In die Tiefen des Dieners, der „zwei Jahr in Paris war“, was er jedem und jeder unter die Nase reibt, ist Wildner nicht eingetaucht, sein Habakuk ist trotzdem recht witzig. In dieser Figur steckt ein beliebter Typus des Altwiener Volkstheaters. Raimund veredelte – vor allem sprachlich – den Thaddädl, eine schlichtere Form des Kasperls, auch hier spielt die Commedia dell'Arte herein.

Die Pointen sitzen, die Musik begeistert

Die österreichisch-ungarische Monarchie war multikulturell, wie man das heute nennt. Die Angehörigen vieler Nationen – mit slawischer Basis und einem deutsch-französisch-italienischen Überbau – konnten einander nicht besonders leiden, was viel Stoff für – manchmal recht gemeine – Scherze lieferte. Habakuk illustriert aber auch das Elend älterer Bedienter, wer rausgeschmissen wurde, musste unter der Brücke schlafen. Raimunds Bauer als Millionär wird, nachdem er sein Geld verloren hat, zum Aschenmann, ein Todessymbol. Das Vanitas-Motiv klingt auch in der Hüttenszene an: „So leb denn wohl du stilles Haus“.

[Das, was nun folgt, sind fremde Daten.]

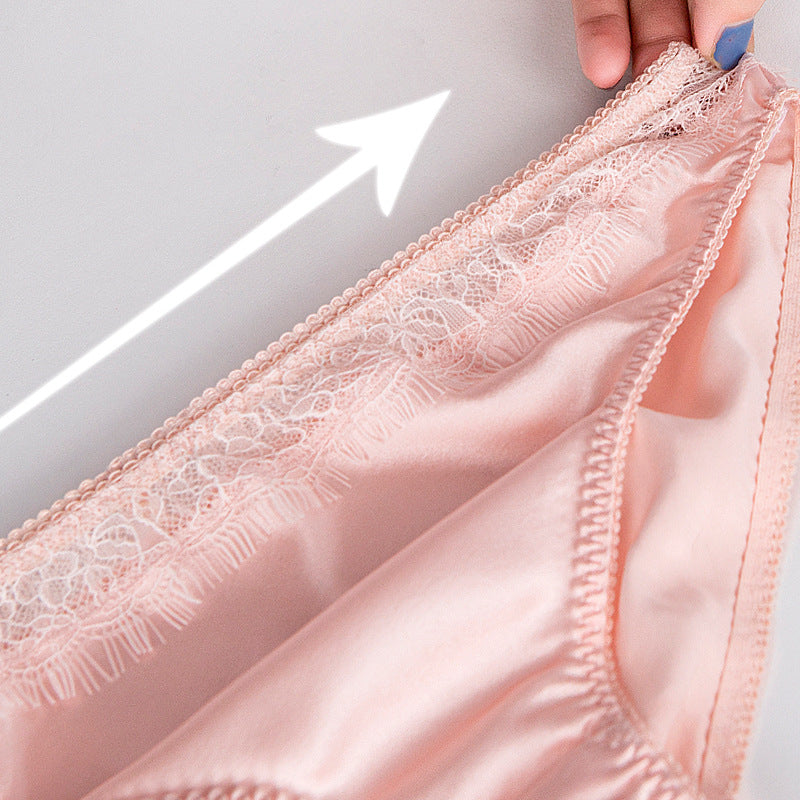 Low Rise Lace Briefs Shorts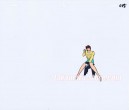 City Hunter anime cel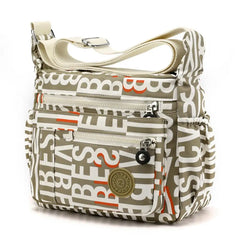 Women Handbag Lightweight Crossbody Bag Pockets Anti Scratch Diaper Bag Storage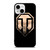 WORLD OF TANKS GAMES SYMBOL iPhone 13 Mini Case Cover WORLD OF TANKS GAMES SYMBOL iPhone 13 Mini Case Cover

Walther Soyka, eine Institution des neuen Wiener Liedes, verfremdete äußerst flott, schräg und theatralisch Wenzel Müllers Originalmusik. Das Publikum fand den Ausflug ins „Regietheater“ im sehr traditionellen Gutenstein nicht durchwegs erfreulich. Zur Trachtenkapelle passt Werners Inszenierung in der Tat nur bedingt. Trotzdem ist sie amüsant, die Pointen sitzen. Auf ihrer Linie, etablierte Profis für ihre Sommerspiele zu engagieren, sollte Eckert unbedingt bleiben.